Planning On Opening A New Cafe? Read This First.

3 Dec 2020

When writing this article, I toyed with some other headlines, such as “How to avoid losing all your money and your house and your car by opening a cafe or restaurant without doing the proper planning and due diligence”, or, “Why do so many people open hospitality businesses without a proper plan, I mean, it’s insane - just write a plan first”.  

But I decided (well our marketing guy decided) that they were a little heavy handed, and we decided that a ‘how-to’ guide with the best tips and tricks would be the most useful resource for the budding restaurateurs out there. So, get your detail-oriented nerd on, and let’s get into it! 

Let’s face it, our industry is tough. If you had any doubts about that, just look at the last 12 months to see how swiftly a drop in business or change in economic climate can wipe an established cafe off the face of the earth. Sometimes temporarily, but often permanently. 

There’s an obvious answer to this: margins are tight in our industry, hovering around less than 8% on average. That’s down from a whopping (relatively) 15% a couple of decades ago (or so i’ve been told - i’m not that old). 
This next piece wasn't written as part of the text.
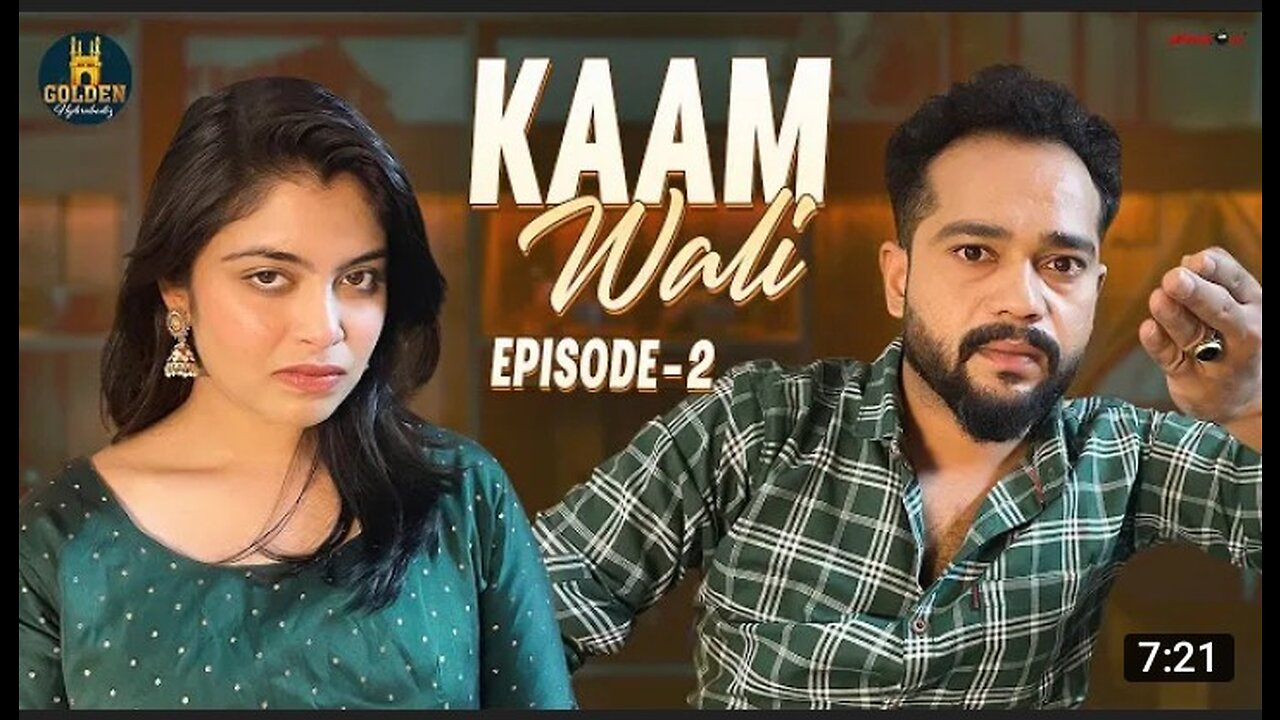 Kaam Wali | Episode 9 2022 Eid Special Videos Hyderabadi Best Comedy Video...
Maths time: that means for every $50 spent in a cafe, the lovely, hardworking business owner will pocket about $4 on average, often less.  

New Cafe
New Cafe

Yep, not a lot. Now, that’s net profit we’re talking about here, not gross profit. Why, I hear you ask? Well, there’s a lot of reasons; high cost of goods sold, labour costs (staffing can get expensive if not done right - it’s one of the reasons we don’t charge a booking fee OR advertising fees at Need a Barista, but more on staffing later), and overheads (insurance, insurance, insurance). This, coupled with the often unpredictable spending habits of consumers, can mean cafes are on a knife’s edge when it comes to profitability. 

But enough of the doom and gloom - if done right, a cafe can be a profitable, lucrative business. 

Like many other things, planning is everything. So, let’s get this party started (!!) with some solid tips about how to properly plan and open a cafe or restaurant. It’s by no means a definitive guide, but it’s a great start, and it’s based on my decades in the industry (I said i’m not that old):

  • What will make customers want to come to you? It may sound like a stupid question, but really, it should be the start of your planning. What’s your Unique Value Proposition? Will it be the most relaxed and quiet cafe in the area? Or the friendliest and loudest place in your suburb, with guest DJs every Sunday morning? Write that stuff down, it will dictate a lot of your decisions and guide your cost planning. 

  • Look at the location and research the businesses there. Have they lasted long? Are new businesses opening up regularly and changing hands every 24 months? You can find this info online easily or by contacting your local council. DO THIS! 

  • Be sure to maximise your potential sales volume. This is where a lot of the nerd work comes in, but it’s important. Things like optimising your menu costing, working out your table turnover time and how much seating you’ll have can make a huge difference. You need to know exactly how much every dish and beverage you offer costs you, and look at how to optimise that. There’s plenty of calculators online to work out menu costing: use them. 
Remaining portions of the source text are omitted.